### PROBLEM REQUIREMENTS
Reproduce all of the data below without alteration; exclude every picture.

### SUPPLIED ENTRIES
++++++++
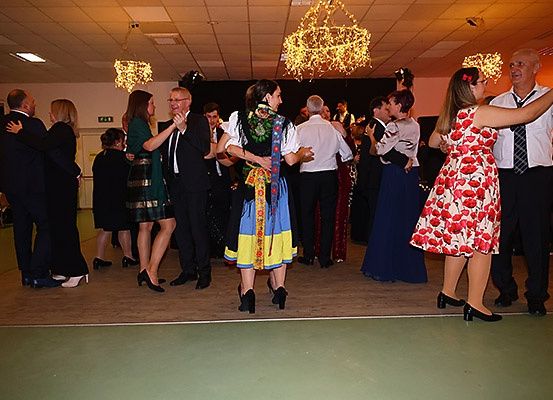 Mehrere Paare tanzen in formeller Kleidung auf einer Tanzfläche. Eine Frau in traditioneller Kleidung tanzt mit einem Mann im Anzug.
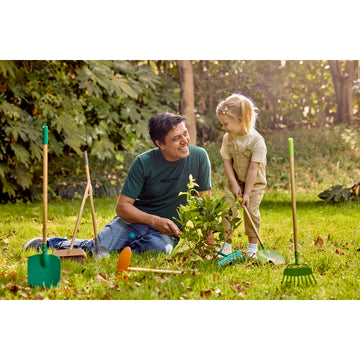 Man and child gardening together in a park with gardening tools around them.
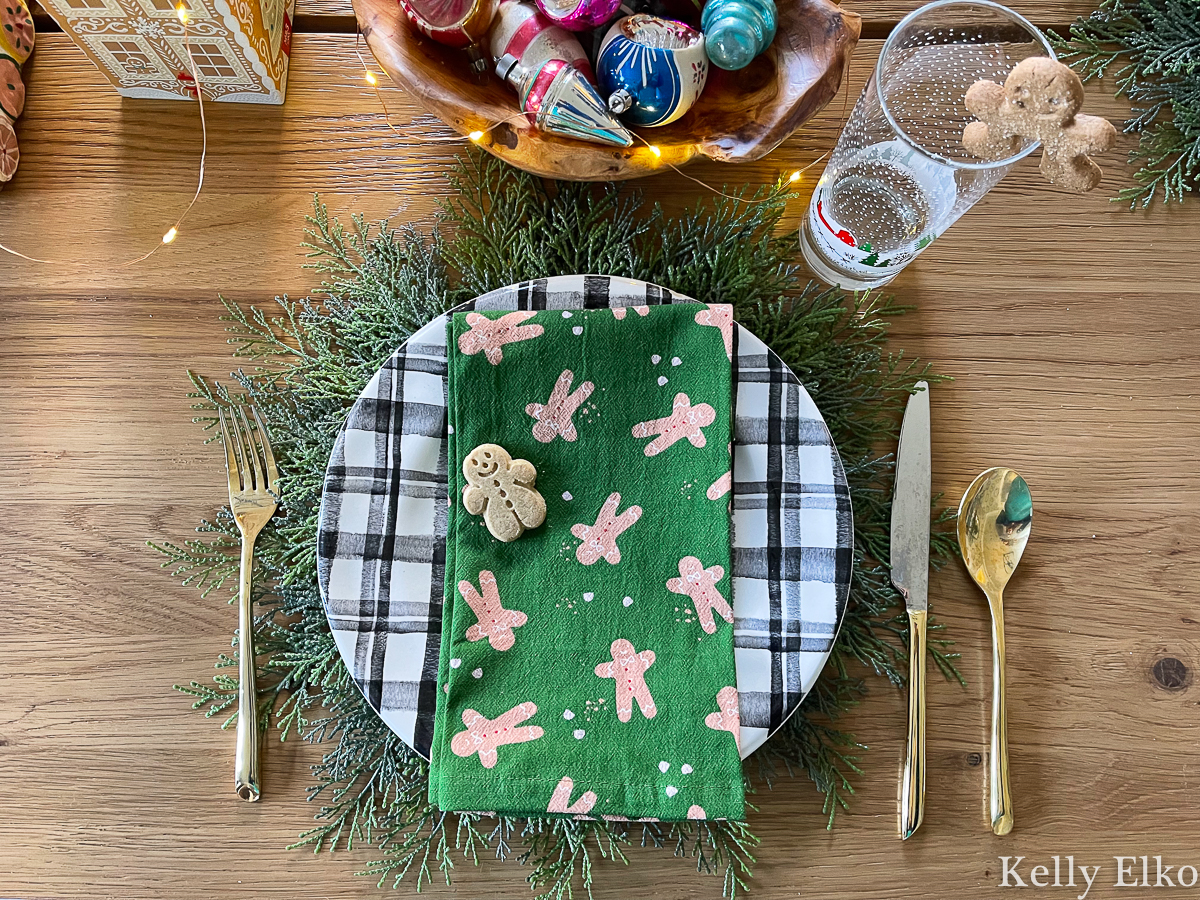 Love the layered look of a cedar placemat, plaid plate and adorable gingerbread man napkin on this festive Christmas table kellyelko.com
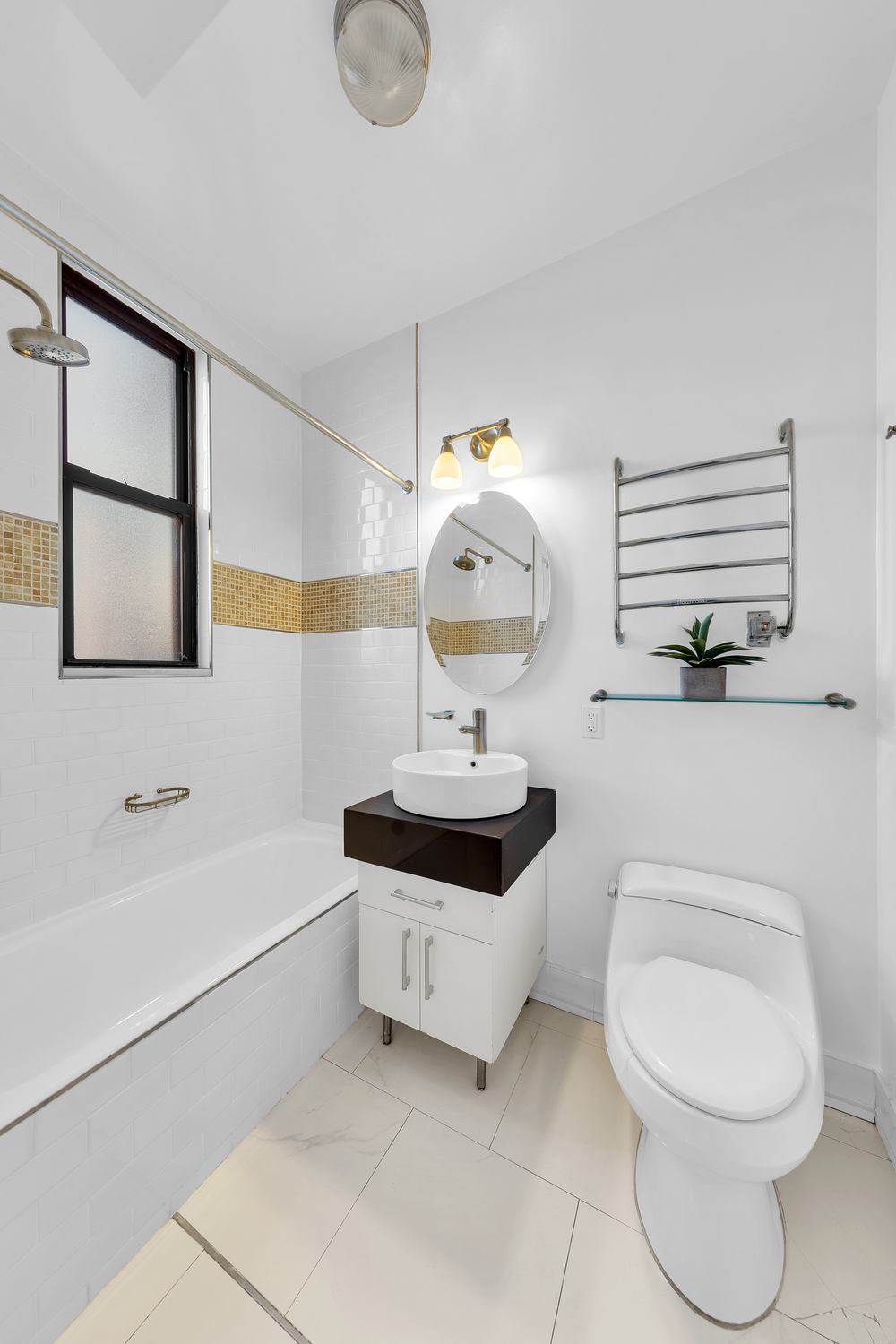 55 West 95th Street, Unit PHE Manhattan, NY 10025 - Photo 6 of 11 a bathroom with a sink a toilet and bathtub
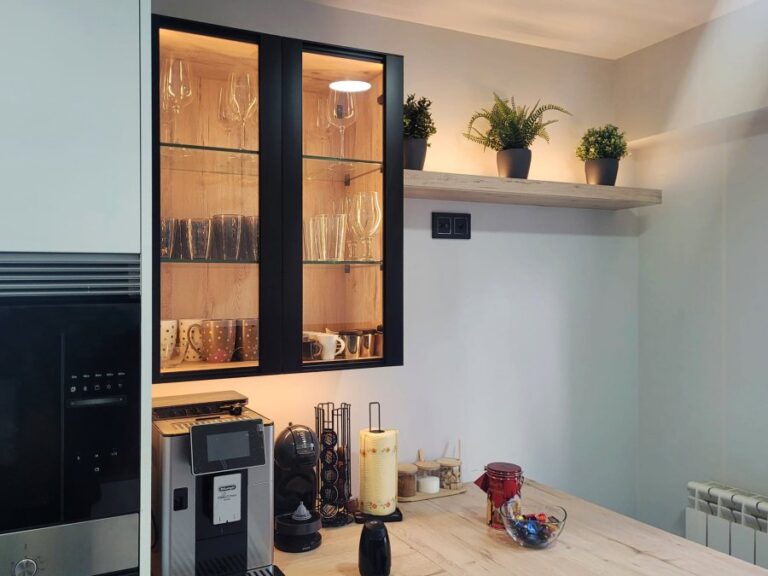 Cocina moderna en blanco y negro con mueble vitrina con puertas negras y estantes de vidrio con tazas y copas organizadas en su interior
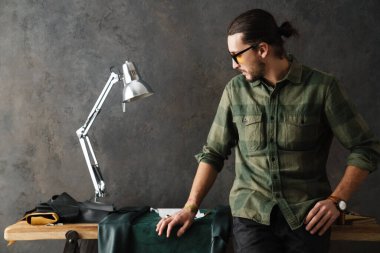 Beyaz sakallı bir zanaatkar atölyede masa başında çalışırken deriyle çalışıyor.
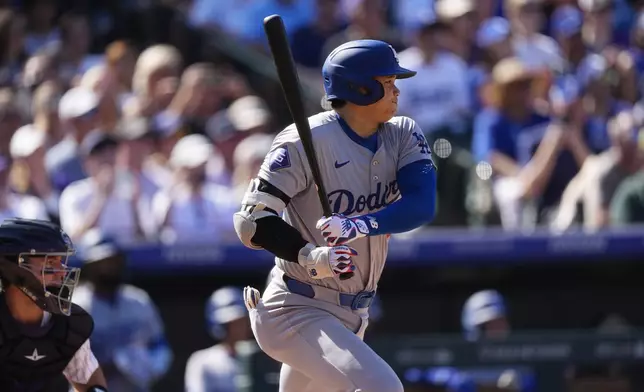 Los Angeles Dodgers' Shohei Ohtani grounds out against Colorado Rockies starting pitcher Ryan Feltner in the fourth inning of a baseball game Sunday, Sept. 29, 2024, in Denver. (AP Photo/David Zalubowski)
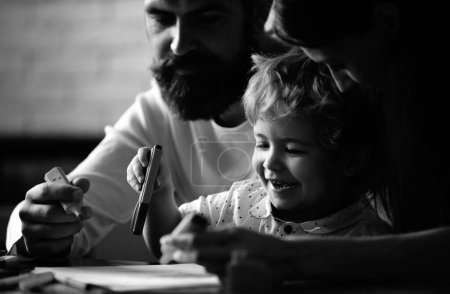 Photo for Happy family mother father and child son drawing laughing. Early childhood education, kids creative growth. Parents and their little child painting writing in book with pencil making homework at home - Royalty Free Image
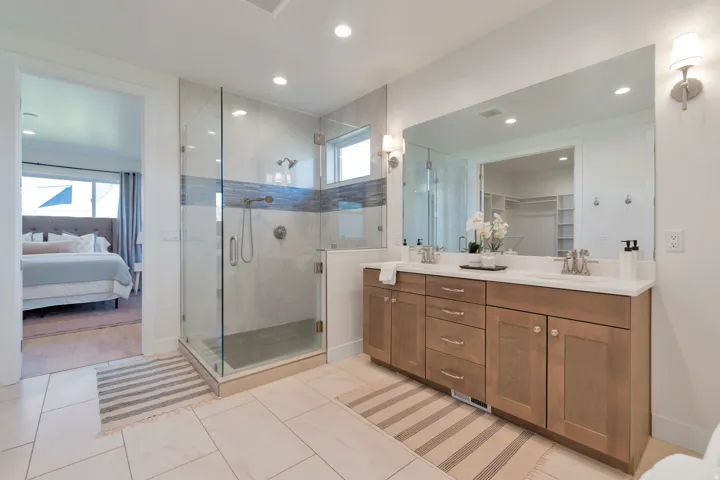 Spacious bathroom featuring a dual vanity with light wood cabinetry, a large frameless mirror, and a walk-in shower with glass enclosure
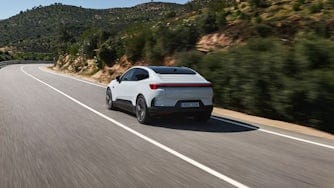 Rear view of a Polestar 4 being test-driven on an asphalt road by the press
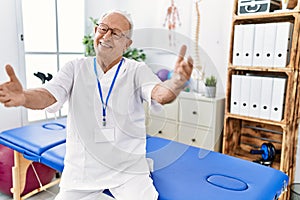 Senior physiotherapy man working at pain recovery clinic looking at the camera smiling with open arms for hug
++++++++
### YOUR SOLUTION
 Mehrere Paare tanzen in formeller Kleidung auf einer Tanzfläche. Eine Frau in traditioneller Kleidung tanzt mit einem Mann im Anzug.
 Man and child gardening together in a park with gardening tools around them.
 Love the layered look of a cedar placemat, plaid plate and adorable gingerbread man napkin on this festive Christmas table kellyelko.com
 55 West 95th Street, Unit PHE Manhattan, NY 10025 - Photo 6 of 11 a bathroom with a sink a toilet and bathtub
 Cocina moderna en blanco y negro con mueble vitrina con puertas negras y estantes de vidrio con tazas y copas organizadas en su interior
 Beyaz sakallı bir zanaatkar atölyede masa başında çalışırken deriyle çalışıyor.
 Los Angeles Dodgers' Shohei Ohtani grounds out against Colorado Rockies starting pitcher Ryan Feltner in the fourth inning of a baseball game Sunday, Sept. 29, 2024, in Denver. (AP Photo/David Zalubowski)
 Photo for Happy family mother father and child son drawing laughing. Early childhood education, kids creative growth. Parents and their little child painting writing in book with pencil making homework at home - Royalty Free Image
 Spacious bathroom featuring a dual vanity with light wood cabinetry, a large frameless mirror, and a walk-in shower with glass enclosure
 Rear view of a Polestar 4 being test-driven on an asphalt road by the press
 Senior physiotherapy man working at pain recovery clinic looking at the camera smiling with open arms for hug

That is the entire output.